NOTE F - RECENTLY ISSUED ACCOUNTING PRONOUNCEMENTS

In June 1997, the Financial Accounting Standards Board issued Statement No. 130
- - "Reporting Comprehensive Income," and Statement No. 131 - "Disclosures about
Segments of an Enterprise and Related Information" which are effective for
fiscal year 1999. Statement No. 130 will require the Company to display an
amount representing comprehensive income, as defined by the statement, as part
of the Company's basic financial statements. Comprehensive income will include
items such as unrealized gains or losses on certain investment securities and
foreign currency items. Statement No. 131 will require the Company to disclose
financial and other information about its business segments, their products and
services, geographic areas, major customers, revenues, profits, assets and other
information.

The adoption of these statements is not expected to have a material effect on
the consolidated financial statements of the Company.



                                       7
<PAGE>   8

                          CIPRICO INC. AND SUBSIDIARIES
      ITEM 2. MANAGEMENT'S DISCUSSION AND ANALYSIS OF RESULTS OF OPERATIONS
                            AND FINANCIAL CONDITION


RESULTS OF OPERATIONS

Three and Nine Months Ended June 30, 1998 Compared to Three and Nine Months 
Ended June 30, 1997

Net sales for the three-month and nine-month periods ended June 30, 1998
decreased by 52% and 18% to $4.9 million and $22.7 million, respectively, when
compared to net sales of $10.1 million and $27.7 million for the same periods
last fiscal year. This decrease can be attributed to a continued decline in the
entertainment market, which represented 28% of net sales for the current
nine-month period compared to 43% for the same period last year. Sales were also
affected by complexities involved with the implementation of the Company's
recently expanded distribution network with Silicon Graphics Inc. (SGI) whereby
SGI sells and supports the Company's disk array storage products with SGI
computing platforms. The satellite/telemetry and oil/gas exploration markets
continue to be strong markets representing 33% and 27% of net sales for the
nine-month period ending June 30, 1998. Sales to one customer, SGI, accounted
for 47% and 38% of net sales for the current three-month and nine-month periods.
For the three-month and nine-month periods ended June 30, 1997, a different
customer accounted for 31% and 11% of net sales. International sales were lower
at $4.4 million or 19% of net sales for the current nine-month period compared
to $6.0 million or 22% of net sales for the same period last fiscal year due to
weakness in the European markets. Management has lowered its estimate for fourth
quarter sales to a range of $8.0 to $10.0 million and anticipates that net sales
for the fiscal year will be lower than the previous fiscal year.

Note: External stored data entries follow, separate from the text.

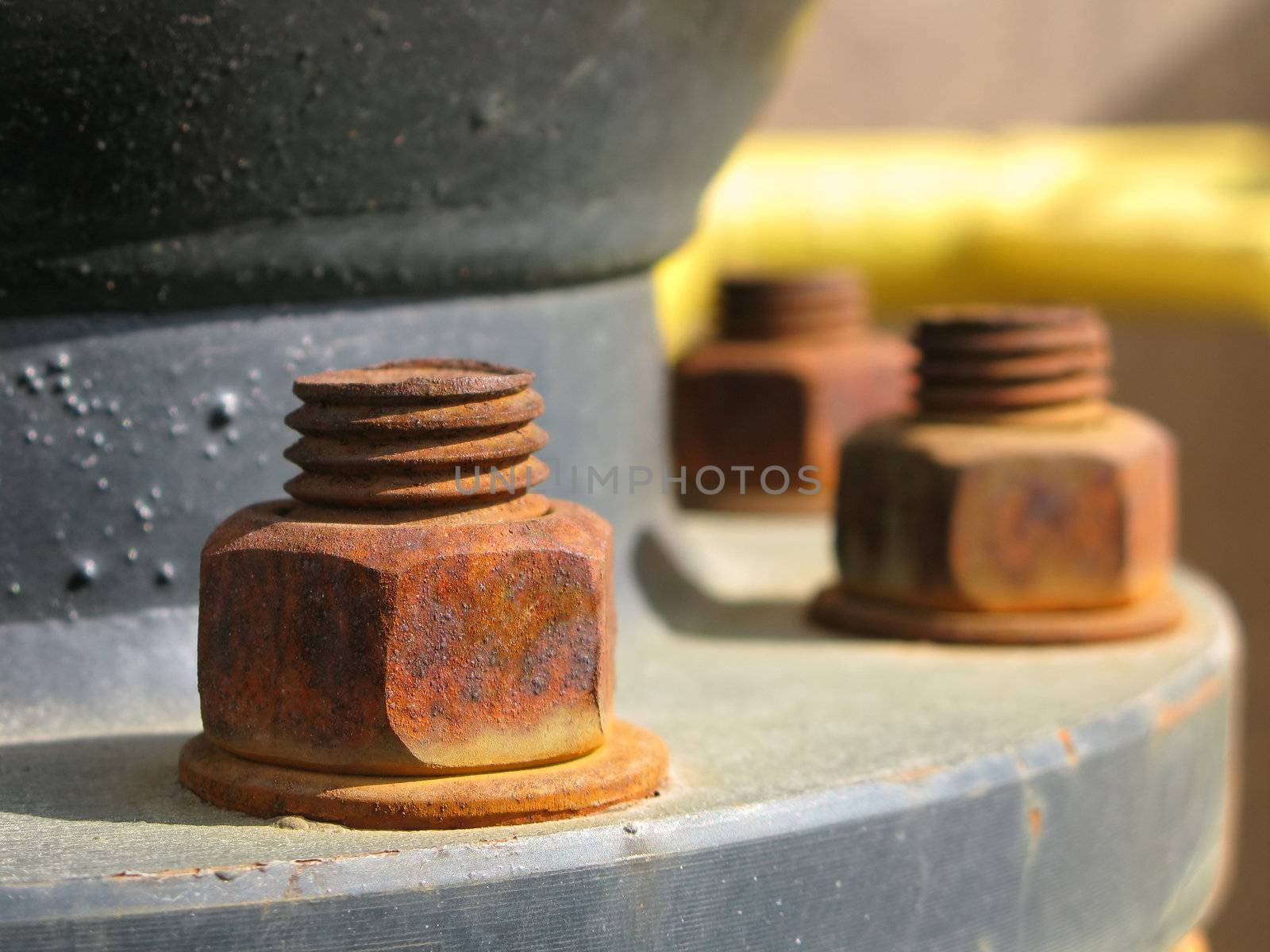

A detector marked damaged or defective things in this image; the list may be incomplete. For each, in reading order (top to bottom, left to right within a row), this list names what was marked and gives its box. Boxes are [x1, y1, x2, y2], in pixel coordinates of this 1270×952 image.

rusty bolt [191, 360, 619, 777]
blurred rusty bolt [193, 360, 625, 777]
rusty washer [185, 358, 675, 827]
corroded metal surface [185, 720, 675, 827]
blurred rusty bolt [675, 271, 914, 510]
corroded metal surface [675, 271, 914, 510]
rusty bolt [675, 274, 914, 510]
rusty bolt [813, 309, 1178, 644]
blurred rusty bolt [813, 309, 1178, 644]
corroded metal surface [818, 309, 1173, 644]
rusty washer [813, 305, 1178, 650]
orange rust patch [1056, 731, 1076, 766]
rust stain [1056, 731, 1076, 766]
orange rust patch [1158, 675, 1224, 736]
rust stain [1158, 675, 1224, 736]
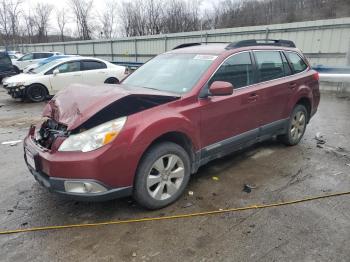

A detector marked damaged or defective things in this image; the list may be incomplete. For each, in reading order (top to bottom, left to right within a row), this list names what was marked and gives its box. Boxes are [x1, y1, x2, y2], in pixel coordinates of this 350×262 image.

crumpled front hood [43, 84, 179, 131]
broken headlight [58, 117, 127, 152]
damaged front bumper [23, 126, 133, 202]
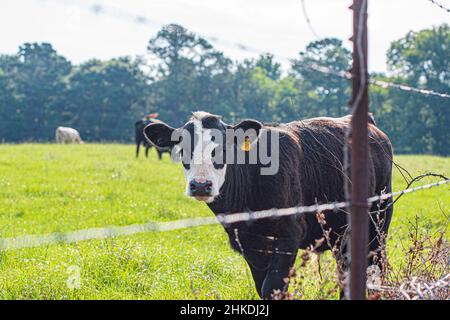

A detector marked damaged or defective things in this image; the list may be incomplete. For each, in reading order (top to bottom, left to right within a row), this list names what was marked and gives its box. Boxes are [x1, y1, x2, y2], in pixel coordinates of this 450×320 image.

rusty fence post [348, 0, 370, 300]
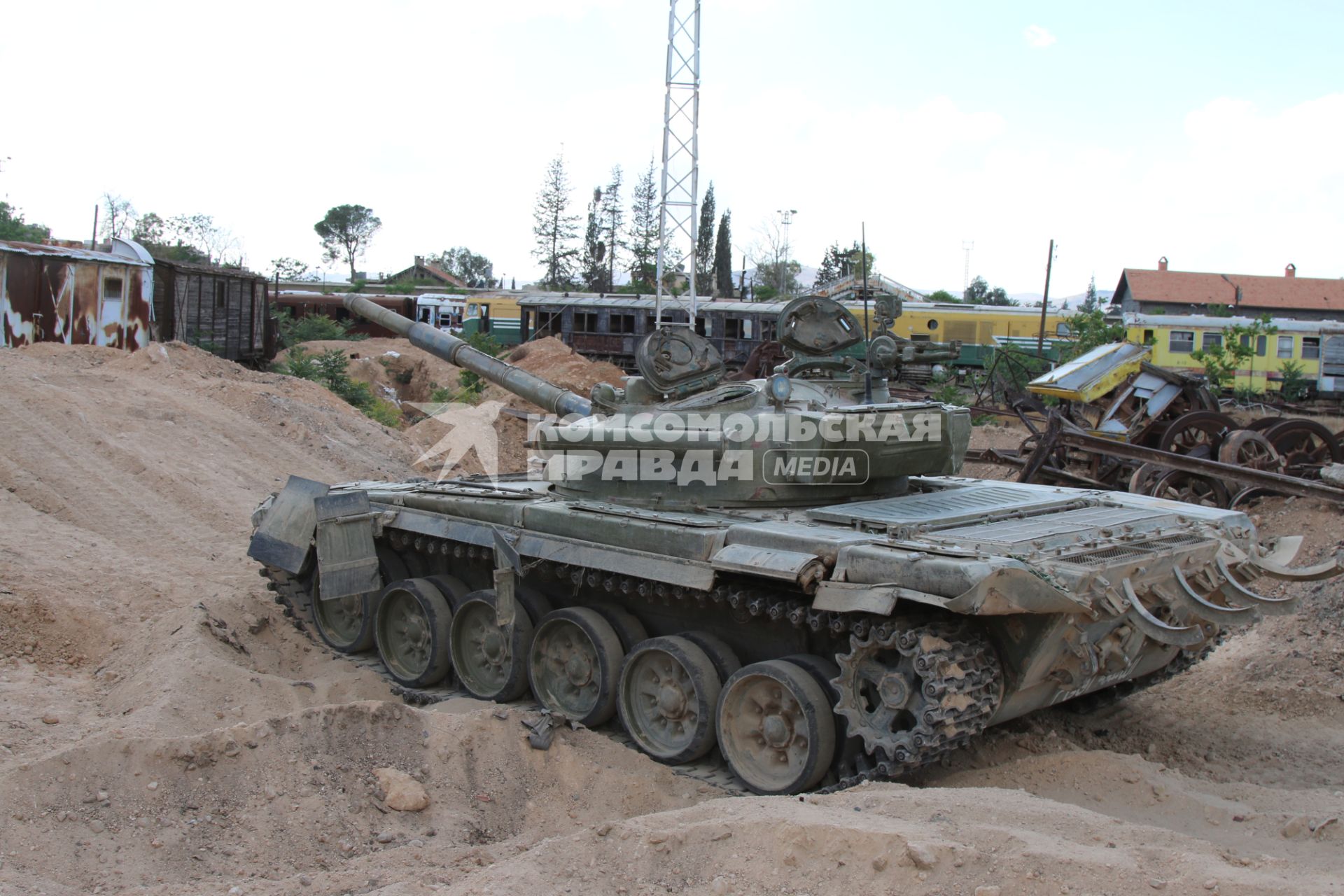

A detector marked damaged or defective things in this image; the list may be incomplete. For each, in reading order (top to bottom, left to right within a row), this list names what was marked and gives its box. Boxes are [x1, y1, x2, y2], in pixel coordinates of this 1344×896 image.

rusty metal shack [0, 237, 153, 349]
rusty metal shack [151, 258, 270, 363]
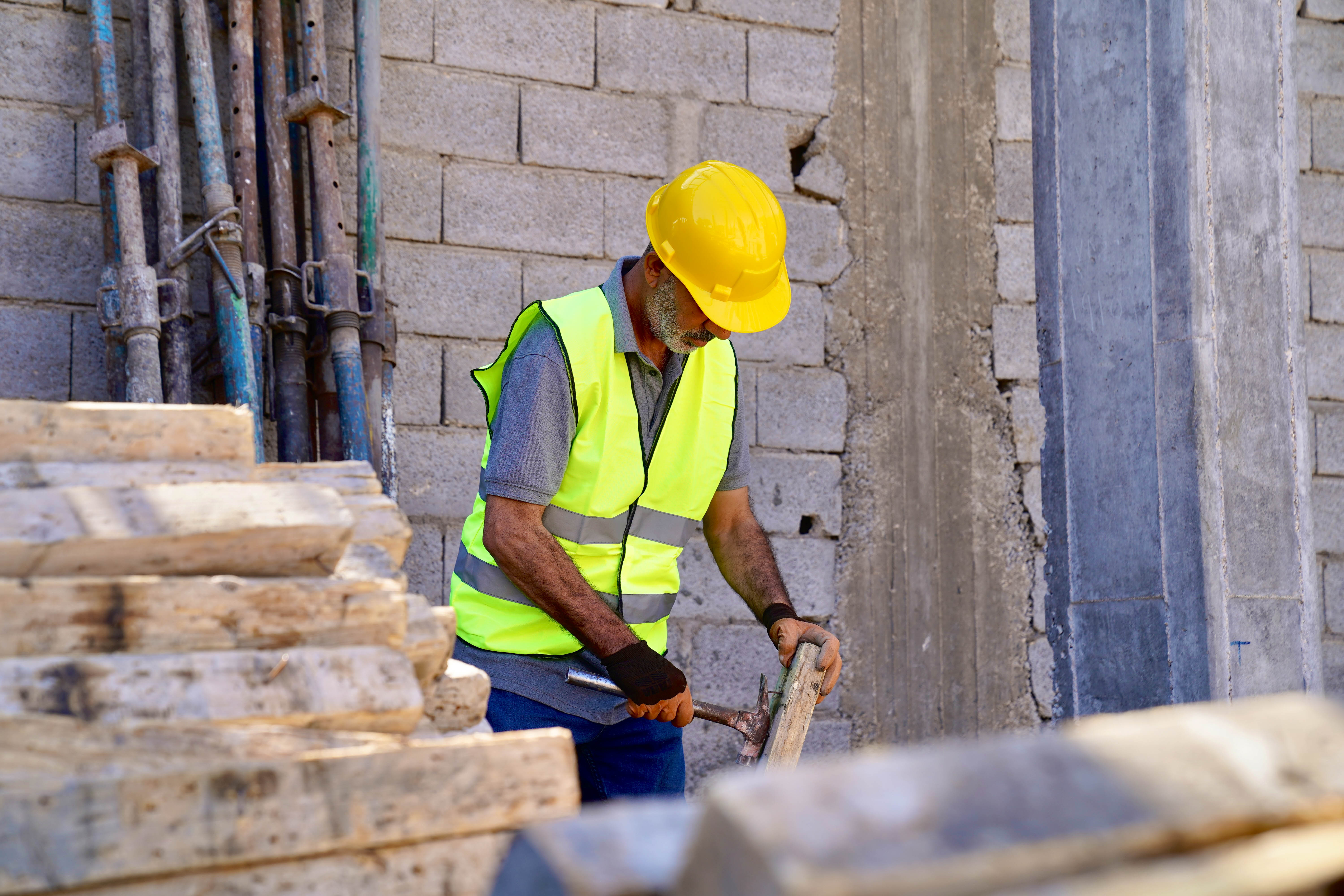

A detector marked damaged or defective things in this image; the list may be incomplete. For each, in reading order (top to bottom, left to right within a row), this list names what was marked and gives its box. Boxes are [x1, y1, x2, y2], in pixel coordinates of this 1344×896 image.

rusty metal pipe [149, 0, 194, 403]
rusty metal pipe [258, 0, 310, 459]
rusty metal pipe [567, 669, 774, 768]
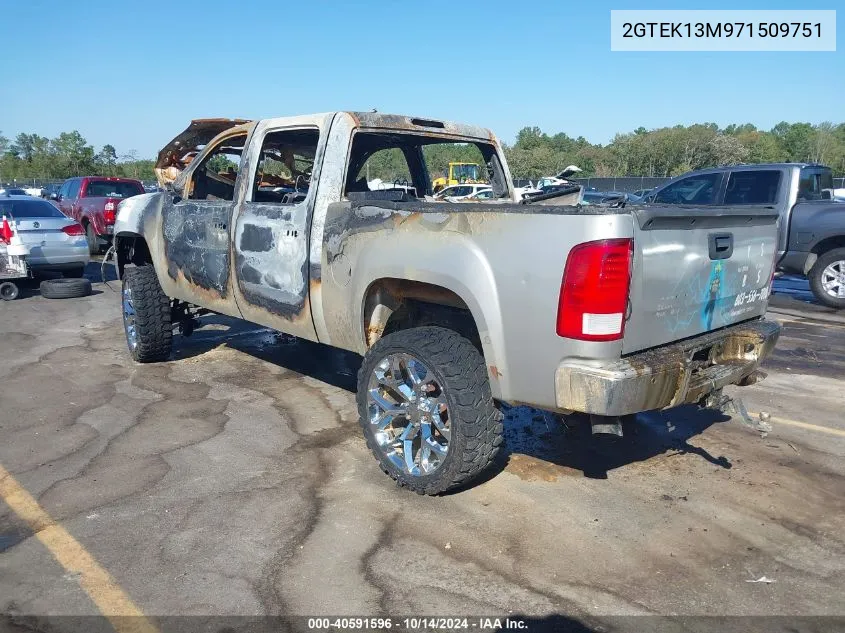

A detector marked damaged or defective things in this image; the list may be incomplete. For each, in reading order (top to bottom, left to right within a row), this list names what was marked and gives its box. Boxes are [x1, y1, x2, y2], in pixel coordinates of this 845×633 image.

burn damage on hood [153, 118, 251, 188]
burned door [160, 131, 249, 316]
burned door [232, 118, 328, 336]
burned pickup truck [115, 111, 780, 492]
cracked pavement [0, 274, 840, 628]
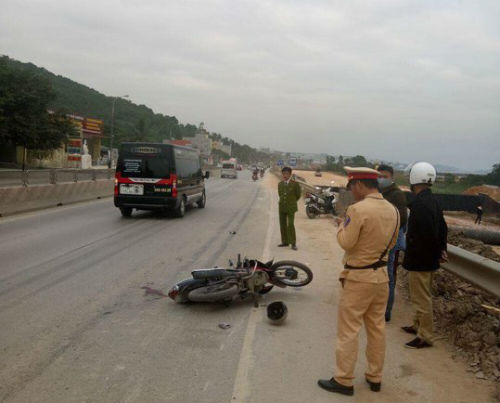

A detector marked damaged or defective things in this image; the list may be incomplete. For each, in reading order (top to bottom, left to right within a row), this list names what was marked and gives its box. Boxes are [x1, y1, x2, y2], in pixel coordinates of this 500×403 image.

crashed motorcycle [302, 185, 338, 219]
crashed motorcycle [170, 256, 314, 306]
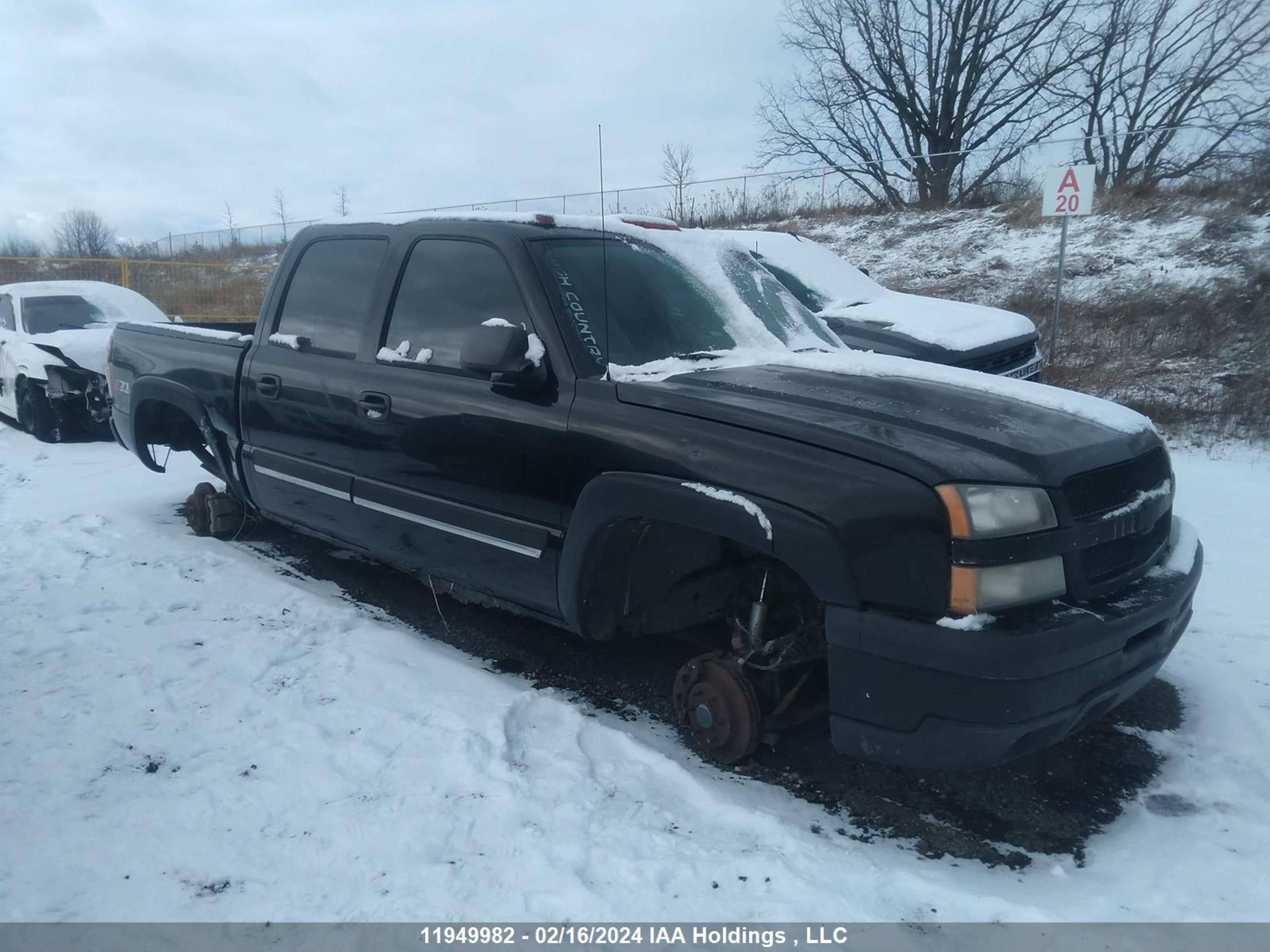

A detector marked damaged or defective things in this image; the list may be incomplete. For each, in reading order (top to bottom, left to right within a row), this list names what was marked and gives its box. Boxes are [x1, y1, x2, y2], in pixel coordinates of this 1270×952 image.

damaged white car [0, 279, 170, 444]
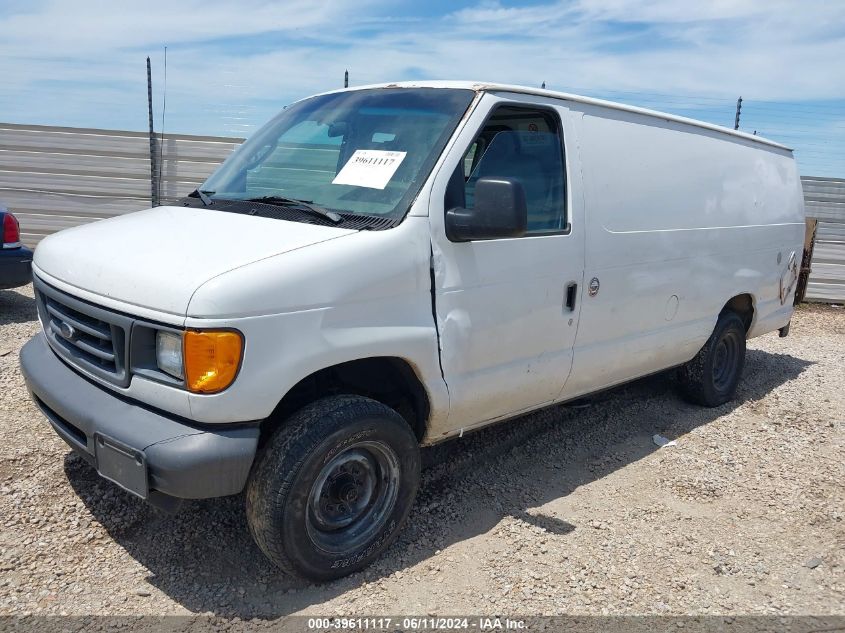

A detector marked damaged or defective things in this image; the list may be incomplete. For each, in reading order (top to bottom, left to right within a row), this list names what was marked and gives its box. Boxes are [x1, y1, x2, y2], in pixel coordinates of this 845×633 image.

Gross profit, as a percentage of net sales, for the three-month and nine-month
periods ended June 30, 1998 was 49% compared to 48% and 47% for the same periods
last fiscal year. Favorable disk drive pricing during the transition from 9
gigabyte to 18 gigabyte drives was a significant factor in maintaining the level
of gross profit. Management anticipates increased sales through distribution
channels that tend to carry a lower gross profit percentage. As a result,
management anticipates gross profit, as a percentage of sales, to decline in the
remainder of fiscal 1998, but remain in the mid-forty percent range.

Research and development expenses increased $379,000, or 46%, for the current
quarter as compared to the same quarter of last fiscal year and $744,000, or
31%, for the nine months ended June 30, 1998 as compared to the same period last
fiscal year. The increase can primarily be attributed to additional engineering
staff and outside consulting costs related to new product development.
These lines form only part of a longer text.